((

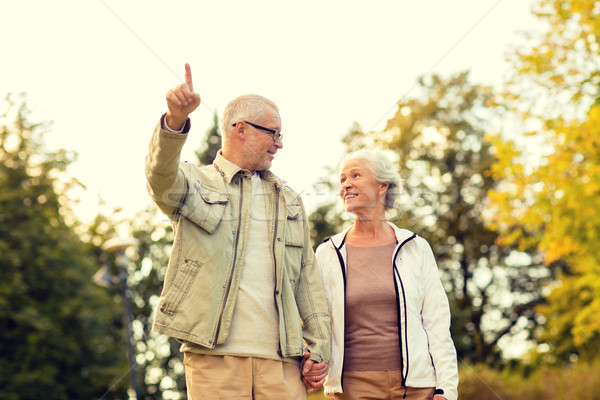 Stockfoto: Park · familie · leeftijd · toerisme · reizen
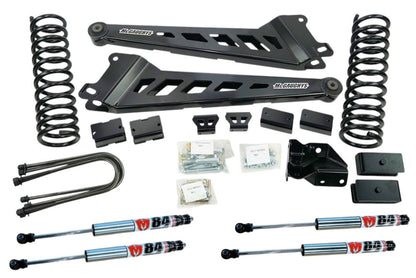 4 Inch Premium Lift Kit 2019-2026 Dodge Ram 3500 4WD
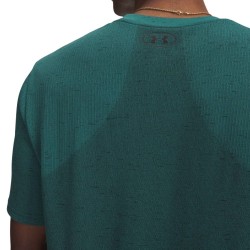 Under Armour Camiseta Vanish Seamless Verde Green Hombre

))
((

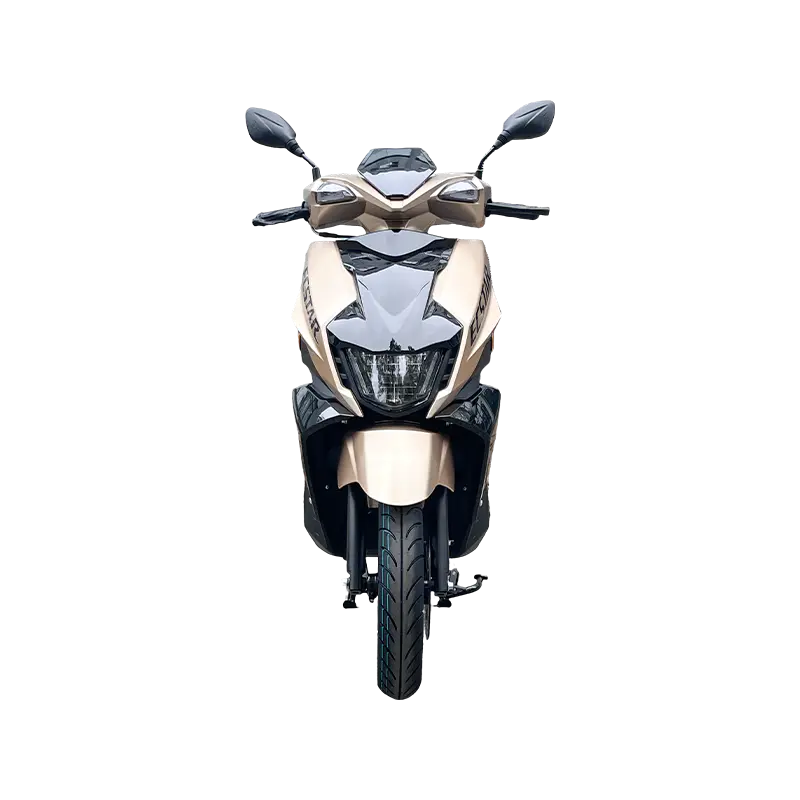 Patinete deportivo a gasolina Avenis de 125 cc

))

**TASK GOAL:**
Using the data above, copy exactly the lines from the one containing "4 Inch Premium" to the one containing "Under Armour Camiseta", inclusive. Exclude the pictures.

**RESULT BELOW:**
 4 Inch Premium Lift Kit 2019-2026 Dodge Ram 3500 4WD
 Under Armour Camiseta Vanish Seamless Verde Green Hombre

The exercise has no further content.